Episode 28: Let’s Talk About IT, Baby – What’s Actually Happening in Your Body Part 1
Listen:
This week I am starting something I have been wanting to do for a long time: a three-part series on sexual health in perimenopause. And I want to be clear right from the start – this is a health conversation. It lives in the Connect pillar of the Perimenopause Matrix, but it touches every other pillar too: metabolic health, cardiovascular health, mental health, and longevity.

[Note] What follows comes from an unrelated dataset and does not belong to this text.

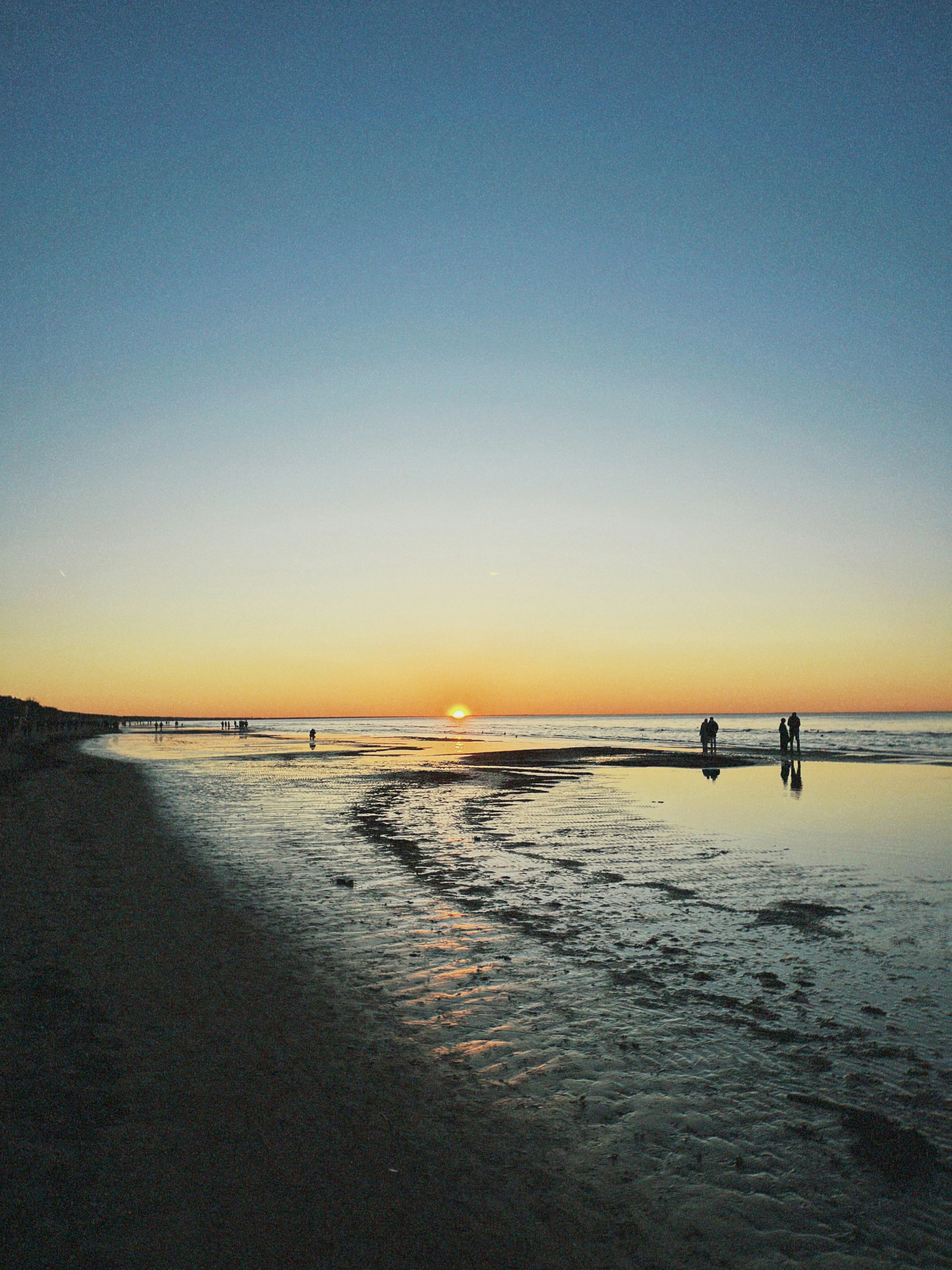 Sunset over a calm ocean with people walking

Part one is all about what is actually happening in your body. I open with my own story: twenty years on birth control with no libido, a nutrition counselor who changed everything with one sentence, and then perimenopause arriving just as I was finally finding my footing. From there we go deep on the hormonal picture: what progesterone, estrogen, and testosterone each contribute to desire, what perimenopause does to that picture, and why low progesterone and elevated cortisol are such a significant and underappreciated part of the libido conversation. We talk about Genitourinary Syndrome of Menopause (GSM), the tissue changes that affect comfort and pleasure, and the real-world context of midlife: the invisible load, the cultural erasure, and the question of whether you actually believe you deserve pleasure.
Spoiler: you do.
I close with the research connecting sexual health to cardiovascular health and longevity, because this is not a frivolous conversation. This is a longevity conversation.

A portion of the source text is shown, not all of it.